In December last year the Scottish Government pulled the plug on plans for a new eye hospital, but after sustained public pressure it performed a U-turn and agreed to fund the replacement building after all.

Mr Briggs said Mr Yousaf's answer failed to engage on the issue he had raised.

"To just kick this to the health board, given the pressures they are under, I am concerned this is not addressing the key point, which is that the old Eye Pavilion needs investment between now and the new hospital opening.

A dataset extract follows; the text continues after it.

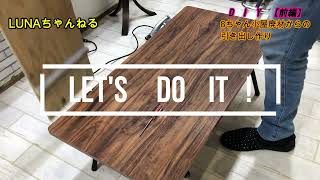 【DIY 】愛犬８ちゃんの小屋廃材で引き出し作り①　　ルナちゃんねる　LUNA cannel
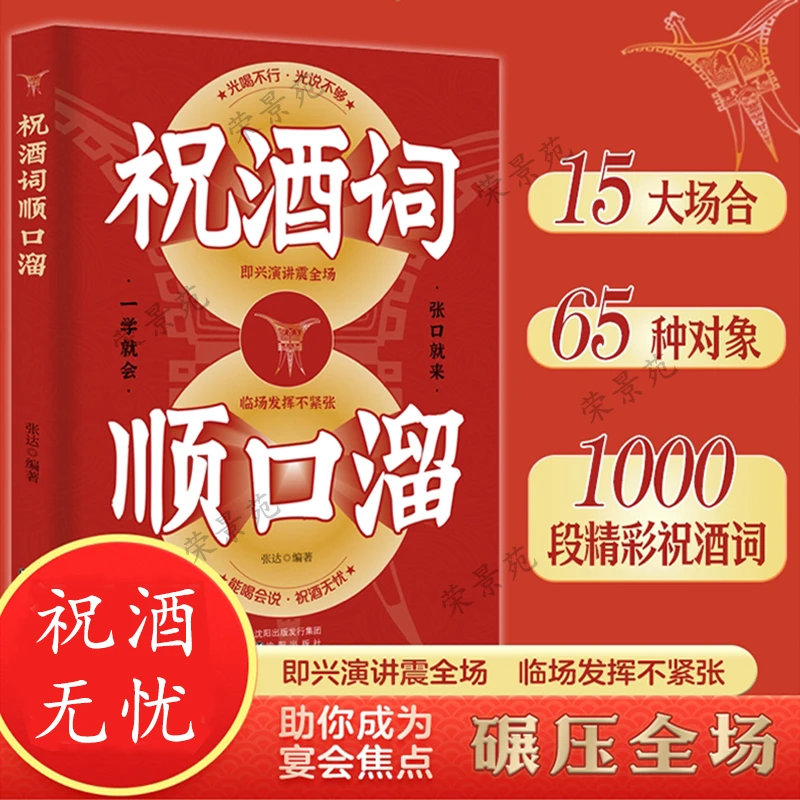 祝酒词顺口溜祝酒辞大全 把话说到别人心坎里祝酒词高情商顺口溜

"People will be using it over this period and the government, given they tried to scrap the project and are really to blame for the delay we have seen, owes Lothian some compensation to help tide us over with the Eye Pavilion and the expense involved."

Mr Briggs also raised the question of maintenance cost at the Eye Pavilion during a debate on Wednesday for National Eye Health Week, but public health minister Maree Todd did not mention it in her reply.

Mr Briggs said: "The radio silence suggests they haven't put together anything on this or there isn't going to be money allocated.

“The Eye Pavilion should have been replaced long before now, but we’re talking now about another potential five years before we get then new hospital – that’s a long time for a busy building which is not fit for purpose. We need to see where there might be some sort of compensation available and support from the government for bridging from the old Eye Pavilion to the new hospital.

“I would like to see the new hospital sooner than five years, but if that's what it’s going to be they have to be realistic about how the old hospital will function.”